Es una ciudad de usuarios, de ciudadanos fugaces.
Con todos los atributos de una ciudad, autoridad, control, calles y plazas, espacios exteriores, jardines, etc., todo lo que podemos encontrar y hacer en una ciudad, lo podemos hacer hoy en un aeropuerto.
No tengo referencias exactas, pero estoy seguro de que en un aeropuerto, uno puede incluso llegar a casarse al igual que ocurre, quizás románticamente, en los cruceros de placer. Uno puede llegar a nacer y por supuesto uno puede morir. Así planteada las cosas, la idea de plaza en un no-lugar, se ha convertido hoy en una trans-ciudad llena las 24 horas del día de no-habitantes. Quizás es el único espacio en el mundo capaz de acoger millones de habitantes al año, sin que nadie resida en el. En fin. Los aeropuertos de hoy se han pensado como un espacio ciudad para no-residentes, individuos que usan intensamente un espacio, pero que nunca residen en él. A lo sumo pasan un día, casi nunca más de uno, y habitualmente apenas unas horas.

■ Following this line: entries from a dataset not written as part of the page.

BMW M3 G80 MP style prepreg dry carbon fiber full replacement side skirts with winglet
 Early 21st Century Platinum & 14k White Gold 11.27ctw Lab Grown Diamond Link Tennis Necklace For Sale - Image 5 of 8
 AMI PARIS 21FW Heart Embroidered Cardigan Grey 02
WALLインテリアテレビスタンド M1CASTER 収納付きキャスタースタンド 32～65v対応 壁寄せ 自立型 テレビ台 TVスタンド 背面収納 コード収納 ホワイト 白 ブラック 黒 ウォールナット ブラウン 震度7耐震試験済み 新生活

Quizás debido a esa fugacidad, un aeropuerto nos resulta tan antipático y fascinante a la vez. Viene a ser la utopía de Buckminster Fuller, sin la cúpula geodésica que cubría Manhattan. Una ciudad cubierta, de clima controlado, para un uso fugaz. Algo así como la arquitectura de los grandes cruceros o la presión que la fugacidad de los no-residentes imprime, esta vez si, en nuestras ciudades reales, en forma de turismo masivo. Un aeropuerto es de facto la quintaesencia de la fugacidad construida. Todo para un uso urbano, sin la verdadera razón de lo urbano, lo humano.
Pensemos un momento, si en el aeropuerto de Atlanta han transitado casi 105 millones de personas en un año, y cada persona ha residido pongamos una media de 3 horas en él, eso es equivalente a una ciudad con una población fija de más de 50.000 habitantes residentes fijos los 365 días al año. Eso es una ciudad, ya no es una plaza, ni tampoco es un edificio.
Pero ¿cual puede ser el futuro de un aeropuerto?
Si, como decíamos, era una plaza, que se ha transformado en una ciudad. ¿no podríamos pensar que quizás mañana un aeropuerto será un paisaje?
Creo que en el futuro, un aeropuerto será un paisaje, un paisaje intensamente productivo, donde quizás pasará de ser puerta a ser destino, donde algunos incluso aprovecharán las condiciones del duty free, la seguridad total y las instalaciones sobredimensionadas para el servicio y el hedonismo, para pasar unos días de vacaciones entres parques interiores y exteriores, piscinas y gimnasios, y en definitiva todo aquello que podamos imaginar. Algo distópico sin duda…
Además, no ya como tendencia, sino como realidad construida, los aeropuertos, tienden cada vez más a concebirse a partir de la experiencia del pasajero, mezclando los intereses del consumo con una responsabilidad colectiva comprometida con el medio ambiente.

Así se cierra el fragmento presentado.